_INPUT DATA_:
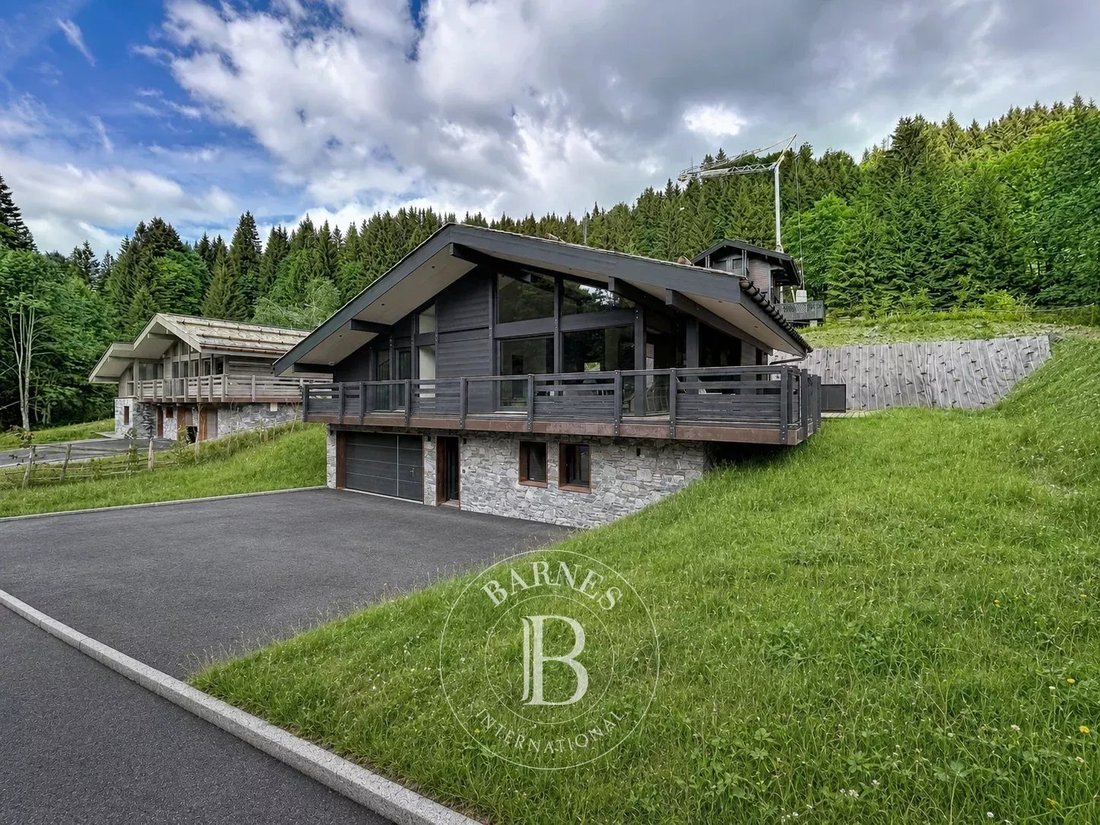Chalet in Les Gets, Auvergne-Rhône-Alpes, France 2 - 17985991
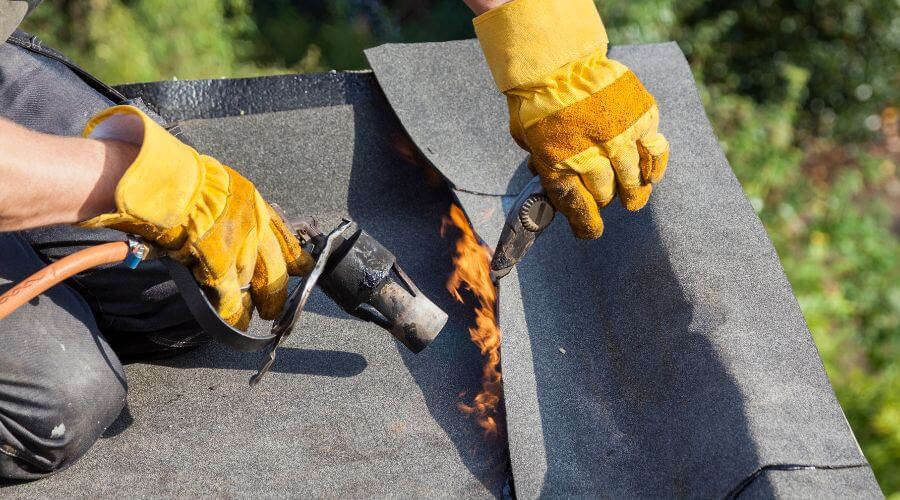 Professional gutter cleaning in Friars Point, MS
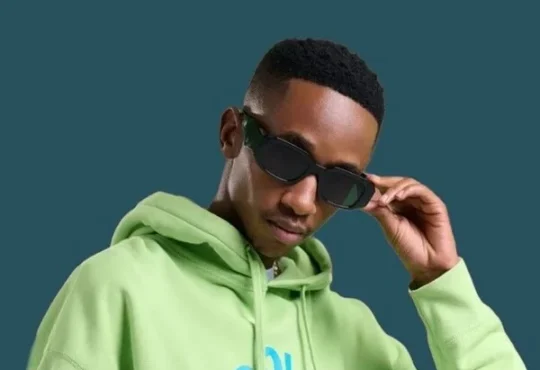 Scotts Maphuma – Ak’shube Ft. Vyno Keys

_INSTRUCTIONS FOR THE TASK_: All of the material above must be given again verbatim, except for the pictures.

_THE ANSWER_:
Chalet in Les Gets, Auvergne-Rhône-Alpes, France 2 - 17985991
 Professional gutter cleaning in Friars Point, MS
 Scotts Maphuma – Ak’shube Ft. Vyno Keys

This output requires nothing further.